### Exercise description
Reproduce the first line of the material below and each line after it, exactly, through the line containing "Article 6 gentleman", and give nothing more.

= Beginning of Section =

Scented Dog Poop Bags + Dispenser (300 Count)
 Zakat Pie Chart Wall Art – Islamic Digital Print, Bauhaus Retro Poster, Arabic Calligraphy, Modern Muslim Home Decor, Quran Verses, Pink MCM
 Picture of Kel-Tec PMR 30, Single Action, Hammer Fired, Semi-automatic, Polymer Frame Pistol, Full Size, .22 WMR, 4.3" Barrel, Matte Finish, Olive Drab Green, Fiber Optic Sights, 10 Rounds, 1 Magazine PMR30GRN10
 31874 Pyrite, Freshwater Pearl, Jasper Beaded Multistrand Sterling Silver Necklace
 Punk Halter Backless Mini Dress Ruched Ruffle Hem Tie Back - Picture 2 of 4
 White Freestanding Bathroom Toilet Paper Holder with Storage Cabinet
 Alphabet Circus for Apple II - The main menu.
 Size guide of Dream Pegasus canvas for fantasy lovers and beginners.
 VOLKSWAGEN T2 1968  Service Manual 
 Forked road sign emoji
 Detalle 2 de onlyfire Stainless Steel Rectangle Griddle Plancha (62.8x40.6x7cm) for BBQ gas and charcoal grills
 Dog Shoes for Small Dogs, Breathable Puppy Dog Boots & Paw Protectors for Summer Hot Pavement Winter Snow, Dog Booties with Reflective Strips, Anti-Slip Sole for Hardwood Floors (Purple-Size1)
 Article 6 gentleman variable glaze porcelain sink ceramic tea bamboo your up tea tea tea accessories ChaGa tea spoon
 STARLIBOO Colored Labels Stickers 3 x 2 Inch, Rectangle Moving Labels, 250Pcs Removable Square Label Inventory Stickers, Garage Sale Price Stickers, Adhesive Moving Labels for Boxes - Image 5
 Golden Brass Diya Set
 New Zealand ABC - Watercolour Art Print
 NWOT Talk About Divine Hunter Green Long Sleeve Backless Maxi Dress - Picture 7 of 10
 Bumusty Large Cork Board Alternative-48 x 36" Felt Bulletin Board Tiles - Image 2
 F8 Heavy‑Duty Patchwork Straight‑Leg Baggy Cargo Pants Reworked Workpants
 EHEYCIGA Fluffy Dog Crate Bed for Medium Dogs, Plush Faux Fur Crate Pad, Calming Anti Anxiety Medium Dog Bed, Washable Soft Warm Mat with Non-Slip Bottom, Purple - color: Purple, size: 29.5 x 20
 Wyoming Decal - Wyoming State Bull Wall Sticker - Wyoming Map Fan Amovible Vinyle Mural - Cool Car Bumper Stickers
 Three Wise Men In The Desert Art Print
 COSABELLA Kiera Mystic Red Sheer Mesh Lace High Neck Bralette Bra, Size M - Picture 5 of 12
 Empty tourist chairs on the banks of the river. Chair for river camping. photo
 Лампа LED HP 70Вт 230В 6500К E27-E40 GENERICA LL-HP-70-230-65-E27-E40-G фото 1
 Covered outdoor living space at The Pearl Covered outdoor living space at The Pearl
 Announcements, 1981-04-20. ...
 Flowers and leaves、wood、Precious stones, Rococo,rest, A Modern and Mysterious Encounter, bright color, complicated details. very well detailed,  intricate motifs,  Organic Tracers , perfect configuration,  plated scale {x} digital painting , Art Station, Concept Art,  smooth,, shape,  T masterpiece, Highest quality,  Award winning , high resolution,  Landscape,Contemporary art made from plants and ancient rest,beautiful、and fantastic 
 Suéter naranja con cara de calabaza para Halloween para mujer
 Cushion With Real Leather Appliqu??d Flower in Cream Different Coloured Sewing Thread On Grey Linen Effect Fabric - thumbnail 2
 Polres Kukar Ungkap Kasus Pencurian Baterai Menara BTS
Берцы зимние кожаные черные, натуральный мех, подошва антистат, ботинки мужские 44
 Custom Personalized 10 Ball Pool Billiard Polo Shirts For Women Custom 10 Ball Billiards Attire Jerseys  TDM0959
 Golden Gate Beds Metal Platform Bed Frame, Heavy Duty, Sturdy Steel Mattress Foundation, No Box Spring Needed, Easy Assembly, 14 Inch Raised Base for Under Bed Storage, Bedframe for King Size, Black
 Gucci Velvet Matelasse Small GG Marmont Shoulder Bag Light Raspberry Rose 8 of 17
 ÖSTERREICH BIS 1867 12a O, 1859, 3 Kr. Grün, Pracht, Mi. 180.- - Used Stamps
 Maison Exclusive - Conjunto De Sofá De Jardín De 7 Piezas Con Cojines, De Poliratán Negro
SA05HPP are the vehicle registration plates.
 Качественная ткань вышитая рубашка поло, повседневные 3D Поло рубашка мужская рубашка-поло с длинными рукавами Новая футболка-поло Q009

= End of Section =

### Task solution
Scented Dog Poop Bags + Dispenser (300 Count)
 Zakat Pie Chart Wall Art – Islamic Digital Print, Bauhaus Retro Poster, Arabic Calligraphy, Modern Muslim Home Decor, Quran Verses, Pink MCM
 Picture of Kel-Tec PMR 30, Single Action, Hammer Fired, Semi-automatic, Polymer Frame Pistol, Full Size, .22 WMR, 4.3" Barrel, Matte Finish, Olive Drab Green, Fiber Optic Sights, 10 Rounds, 1 Magazine PMR30GRN10
 31874 Pyrite, Freshwater Pearl, Jasper Beaded Multistrand Sterling Silver Necklace
 Punk Halter Backless Mini Dress Ruched Ruffle Hem Tie Back - Picture 2 of 4
 White Freestanding Bathroom Toilet Paper Holder with Storage Cabinet
 Alphabet Circus for Apple II - The main menu.
 Size guide of Dream Pegasus canvas for fantasy lovers and beginners.
 VOLKSWAGEN T2 1968  Service Manual 
 Forked road sign emoji
 Detalle 2 de onlyfire Stainless Steel Rectangle Griddle Plancha (62.8x40.6x7cm) for BBQ gas and charcoal grills
 Dog Shoes for Small Dogs, Breathable Puppy Dog Boots & Paw Protectors for Summer Hot Pavement Winter Snow, Dog Booties with Reflective Strips, Anti-Slip Sole for Hardwood Floors (Purple-Size1)
 Article 6 gentleman variable glaze porcelain sink ceramic tea bamboo your up tea tea tea accessories ChaGa tea spoon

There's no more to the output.